Latest data from the SMMT shows that while registrations of battery electric cars increased by 77.6% in August, accounting for 6.4% of the market, they make up just 4.9% of registrations year to date, up from 1.1% in the same period last year – this clearly illustrates the scale of the challenge ahead to reach the government target for EVs to comprise 70% of new car sales by 2030.
Although research, such as from RingGo, continues to show how drivers are being put off switching to fully electric vehicles due to concerns over cost – as well as range and infrastructure – Venson says it’s vital to look at the whole-life costs (WLCs) of an electric vehicle compared to a petrol or diesel as they could incentivise employees to go electric and build a fleet case for making the transition.
According to Simon Staton, director of client management for Venson, EVs can provide savings under many of the constituent parts of WLCs, which include purchase price, level of depreciation, servicing and maintenance costs, company car tax, warranty and expected fuel expenditure.
Savings on servicing are one of the key attractions, with EVs not requiring changes on oil, air filter, transmission fluid, exhaust pipe or radiator hoses. Staton outlined: “Not only does that make an EV cheaper from a service, maintenance and repair (SMR) viewpoint, because there are fewer moving parts to go wrong, it means potentially improved reliability and reduced off-road times. Pure EVs, as opposed to range-extended EVs and PHEVs, will typically have lower annual mileage and therefore will almost certainly hit date-derived service intervals before mileage intervals.”
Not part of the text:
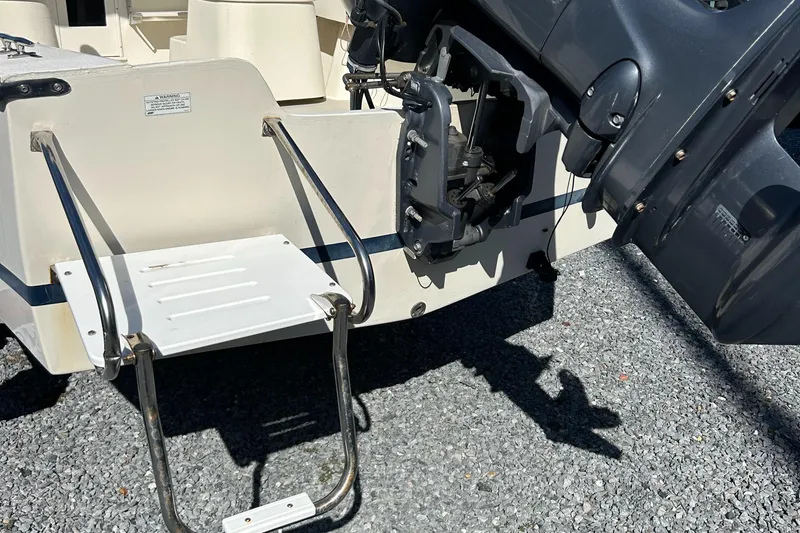 Slide: The Image of 2014 Seaway 21 Seafarer Cuddy boat stern with ladder and motor detail. - 20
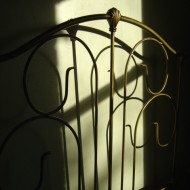 photo of antique bed headboard with shadows in sunbeam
Venson also pointed to Go Ultra Low research which found the average yearly spend for servicing and maintenance of a petrol or diesel car is £400, more than four times the sub-£100 annual spend for an electric model. The saving on PHEVs is not as great but can be around 20%, depending on how many miles are driven on electric power. The more miles driven using the internal combustion engine will result in wear and tear on friction items and greater oil use among other factors.
And with the cost of charging coming out significantly lower than the cost of petrol or diesel, drivers and fleets can also make significant fuel savings; Go Ultra Low’s Online Electric Car Journey Price Indicator provides an idea of cost savings on journeys.
As for residual values, Staton continued: “The main consideration is whether the technology in the vehicle will remain viable and is perceived to be something that has a future that will be valued by the marketplace. This will depend on desirability and availability of reliable data.”
But as well as bringing savings, switching to fully electric cars as well as hybrids and plug-in hybrids can help with a company’s eco and CSR policies.
Staton concluded: “Fleets and businesses play a vital role in transitioning the UK car parc to zero-emission vehicles and with 34 new plug-in vehicles due to launch by the end 2020 now is the time to review fleet requirements to comply with environmental standards and ensure a solid ethical reputation of a business.”